[BUG] bcachefs fallocate btree lock contention

Linux bcachefs list
 help / color / mirror / Atom feed

* [BUG] bcachefs fallocate btree lock contention
@ 2023-07-21 13:28 Brian Foster
  2023-07-21 20:49 ` Kent Overstreet
  2023-07-21 21:02 ` Kent Overstreet
  0 siblings, 2 replies; 3+ messages in thread
From: Brian Foster @ 2023-07-21 13:28 UTC (permalink / raw)
  To: linux-bcachefs

Hi all,

When testing the recent write buffer journaling series, I reproduced
several fstests (i.e. generic/013) that seemed pretty much hung up in a
livelock in fsstress. On some further digging, it appears they were
stuck doing fallocates and were spinning heavily on transaction
restarts. I don't think these tests are stuck indefinitely, but rather
this manifests as some excessively long runtimes for tests that involve
concurrent fsstress runs. I was eventually able to reproduce the same
behavior without the write buffer patches, so it doesn't appear to be
related.

I think the issue is basically that if multiple fallocates are running
against independent inodes that might update the same extent btree node,
the __bchfs_fallocate() loop can get into a tight spin due to the lock
cycling around bch2_clamp_data_hole() contending with node updates. This
is where I see most restarts, and I've seen upwards of 100k+ restarts
and single fallocate latencies of tens of seconds. This is pretty
trivial to reproduce by just running concurrent sequential fallocates to
different files (8x or so on my test vm pretty much grinds things to a
halt) [1].

One question that comes to mind: why do we cycle locks here? Is this a
lock ordering requirement between folio locks and btree node locks?

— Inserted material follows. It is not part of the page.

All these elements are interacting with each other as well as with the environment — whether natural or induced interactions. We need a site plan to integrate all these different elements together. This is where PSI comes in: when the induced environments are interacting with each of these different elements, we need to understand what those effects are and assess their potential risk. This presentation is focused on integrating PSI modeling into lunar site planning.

To test the above, I ran with a quick hack to check for pagecache pages
before we decide to clamp the range during fallocate. This speeds up the
test significantly and pretty much removes the bottleneck. This only
handles the simple case and doesn't quite feel like the proper fix to
me, but since I'm low on time I threw it up on CI [2] for reference and
to get a test cycle. I'm heading on vacation for the next week+, so I
wanted to throw this up on the list so at least folks are aware of it if
any excessive test latencies are observed.

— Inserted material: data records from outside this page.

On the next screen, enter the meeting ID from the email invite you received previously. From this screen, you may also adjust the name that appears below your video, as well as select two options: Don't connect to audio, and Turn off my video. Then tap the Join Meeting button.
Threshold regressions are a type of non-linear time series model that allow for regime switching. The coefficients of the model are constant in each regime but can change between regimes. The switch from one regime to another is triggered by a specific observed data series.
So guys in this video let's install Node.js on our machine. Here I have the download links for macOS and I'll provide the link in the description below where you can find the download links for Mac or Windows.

Any thoughts are appreciated in the meantime. I'll pick it up once I'm
back..

Brian

[1] Example sequential fallocate reproducer. Run against multiple files:

offset=0
while [ true ]; do
        xfs_io -fc "falloc ${offset}k 512k" $file
        offset=$((offset + 512))
done

[2] https://evilpiepirate.org/~testdashboard/ci?branch=bfoster&commit=d755bfd22fe0fabf8def3bfa0b758864538f79cd

^ permalink raw reply	[flat|nested] 3+ messages in thread

* Re: [BUG] bcachefs fallocate btree lock contention
  2023-07-21 13:28 [BUG] bcachefs fallocate btree lock contention Brian Foster
@ 2023-07-21 20:49 ` Kent Overstreet
  2023-07-21 21:02 ` Kent Overstreet
  1 sibling, 0 replies; 3+ messages in thread
From: Kent Overstreet @ 2023-07-21 20:49 UTC (permalink / raw)
  To: Brian Foster; +Cc: linux-bcachefs

On Fri, Jul 21, 2023 at 09:28:39AM -0400, Brian Foster wrote:
> Hi all,
> 
> When testing the recent write buffer journaling series, I reproduced
> several fstests (i.e. generic/013) that seemed pretty much hung up in a
> livelock in fsstress. On some further digging, it appears they were
> stuck doing fallocates and were spinning heavily on transaction
> restarts. I don't think these tests are stuck indefinitely, but rather
> this manifests as some excessively long runtimes for tests that involve
> concurrent fsstress runs. I was eventually able to reproduce the same
> behavior without the write buffer patches, so it doesn't appear to be
> related.
> 
> I think the issue is basically that if multiple fallocates are running
> against independent inodes that might update the same extent btree node,
> the __bchfs_fallocate() loop can get into a tight spin due to the lock
> cycling around bch2_clamp_data_hole() contending with node updates. This
> is where I see most restarts, and I've seen upwards of 100k+ restarts
> and single fallocate latencies of tens of seconds. This is pretty
> trivial to reproduce by just running concurrent sequential fallocates to
> different files (8x or so on my test vm pretty much grinds things to a
> halt) [1].
> 
> One question that comes to mind: why do we cycle locks here? Is this a
> lock ordering requirement between folio locks and btree node locks?
> 
> To test the above, I ran with a quick hack to check for pagecache pages
> before we decide to clamp the range during fallocate. This speeds up the
> test significantly and pretty much removes the bottleneck. This only
> handles the simple case and doesn't quite feel like the proper fix to
> me, but since I'm low on time I threw it up on CI [2] for reference and
> to get a test cycle. I'm heading on vacation for the next week+, so I
> wanted to throw this up on the list so at least folks are aware of it if
> any excessive test latencies are observed.
> 
> Any thoughts are appreciated in the meantime. I'll pick it up once I'm
> back..

What about adding a nonblocking flag to bch2_clamp_data_hole() that only
uses trylock for locking folios?

^ permalink raw reply	[flat|nested] 3+ messages in thread

* Re: [BUG] bcachefs fallocate btree lock contention
  2023-07-21 13:28 [BUG] bcachefs fallocate btree lock contention Brian Foster
  2023-07-21 20:49 ` Kent Overstreet
@ 2023-07-21 21:02 ` Kent Overstreet
  1 sibling, 0 replies; 3+ messages in thread
From: Kent Overstreet @ 2023-07-21 21:02 UTC (permalink / raw)
  To: Brian Foster; +Cc: linux-bcachefs

On Fri, Jul 21, 2023 at 09:28:39AM -0400, Brian Foster wrote:
> One question that comes to mind: why do we cycle locks here? Is this a
> lock ordering requirement between folio locks and btree node locks?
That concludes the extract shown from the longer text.